What you should do: Leave every image out, and return the rest of the data word for word.

Given material:
────────────────────────────────────────
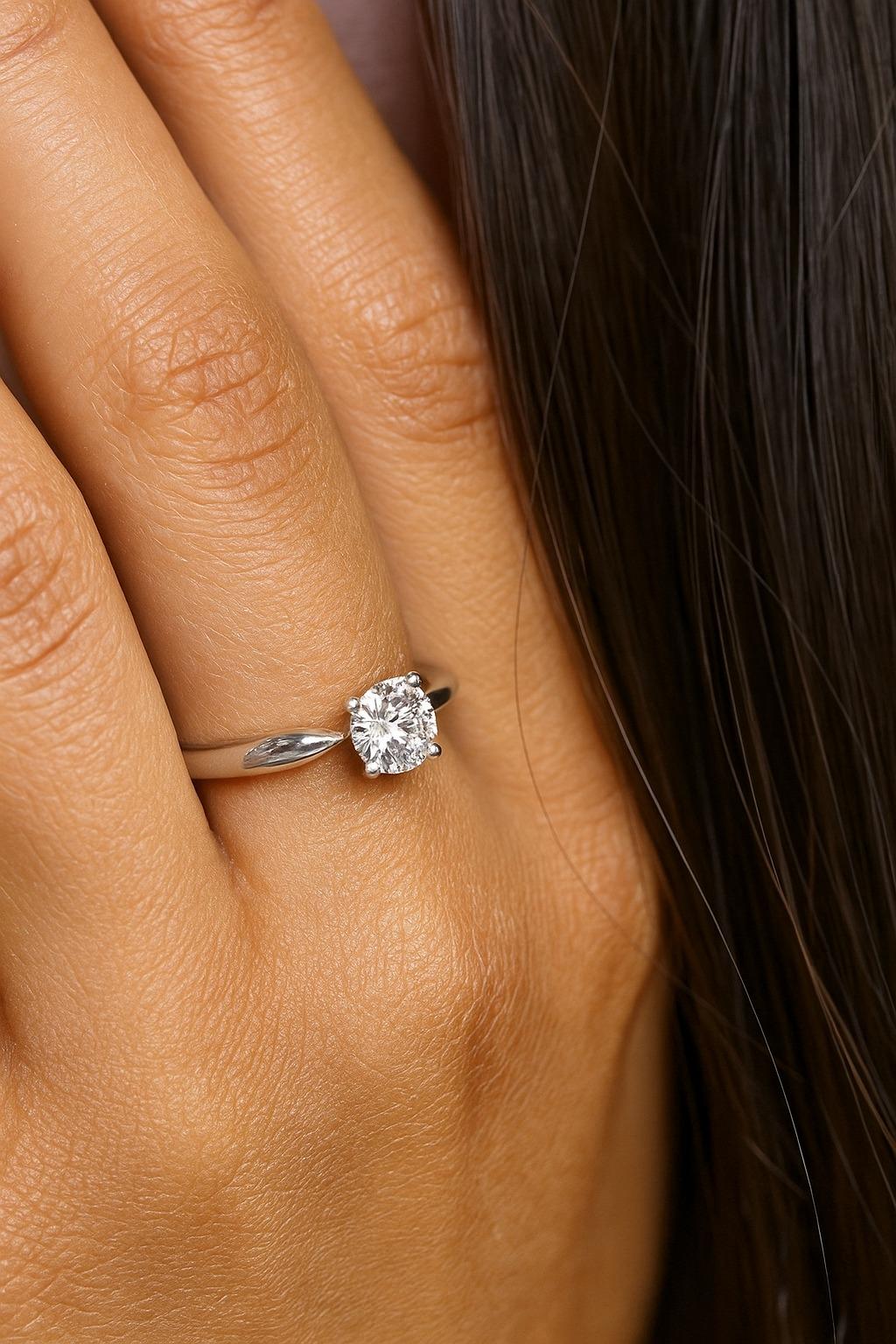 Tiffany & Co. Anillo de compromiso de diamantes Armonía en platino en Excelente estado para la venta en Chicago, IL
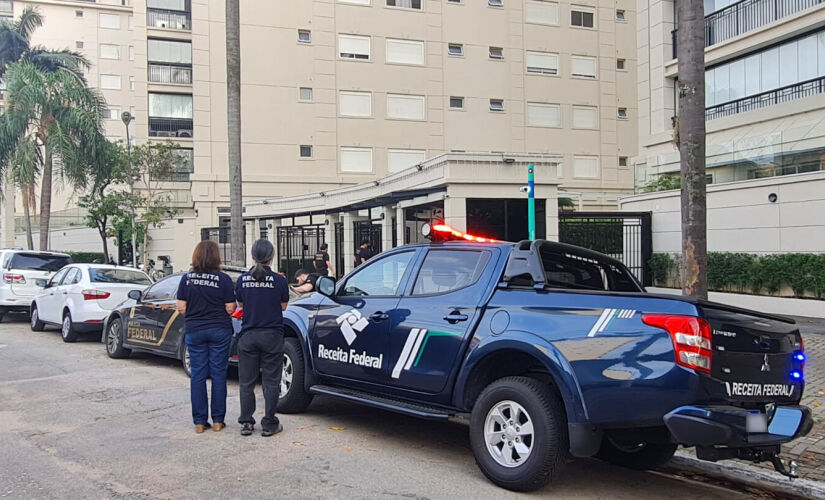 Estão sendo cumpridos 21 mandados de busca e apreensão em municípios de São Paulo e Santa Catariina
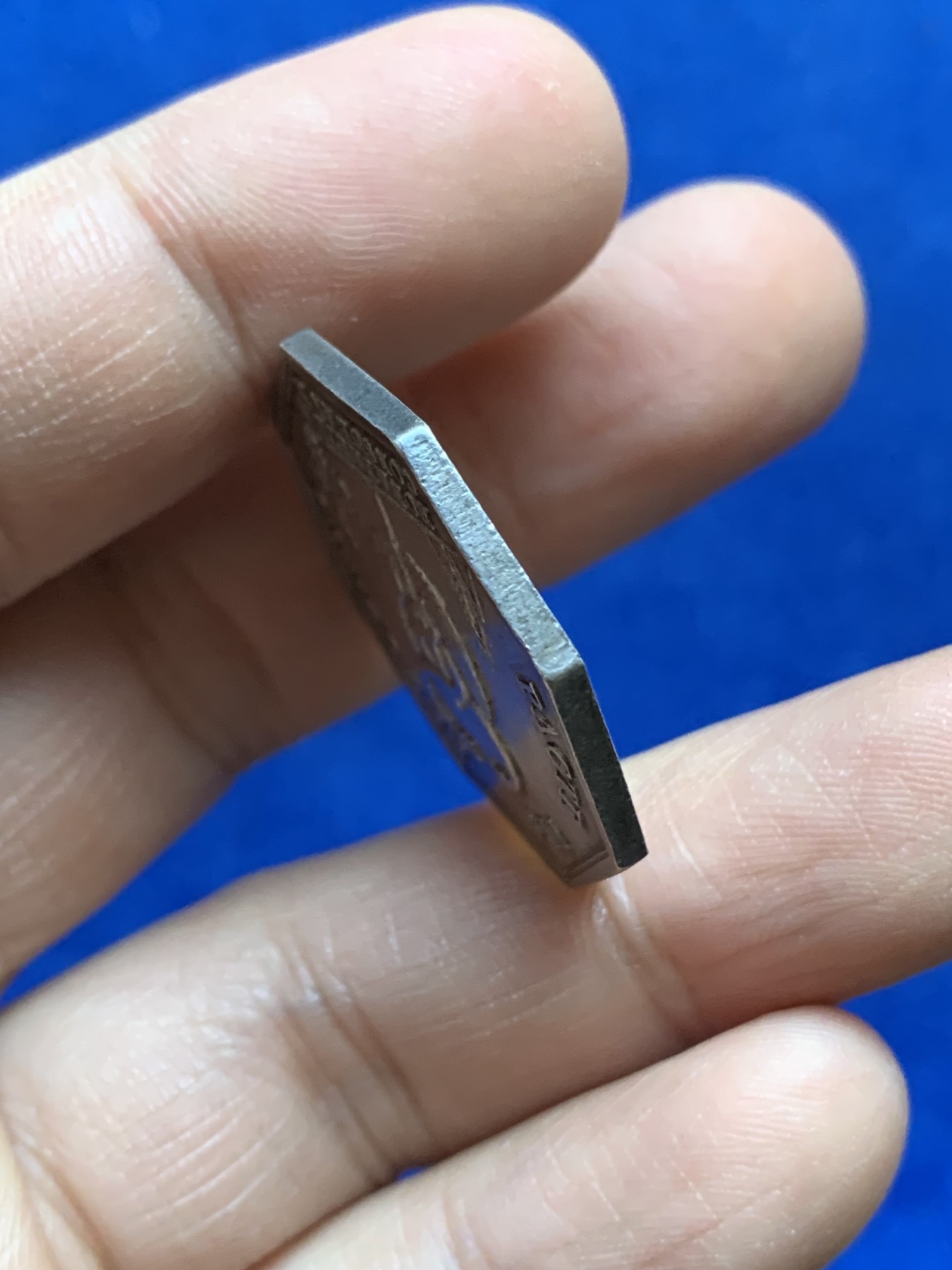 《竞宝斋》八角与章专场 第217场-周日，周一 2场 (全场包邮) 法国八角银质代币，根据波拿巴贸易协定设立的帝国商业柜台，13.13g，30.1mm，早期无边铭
────────────────────────────────────────
Solution to this exercise:
 Tiffany & Co. Anillo de compromiso de diamantes Armonía en platino en Excelente estado para la venta en Chicago, IL
 Estão sendo cumpridos 21 mandados de busca e apreensão em municípios de São Paulo e Santa Catariina
 《竞宝斋》八角与章专场 第217场-周日，周一 2场 (全场包邮) 法国八角银质代币，根据波拿巴贸易协定设立的帝国商业柜台，13.13g，30.1mm，早期无边铭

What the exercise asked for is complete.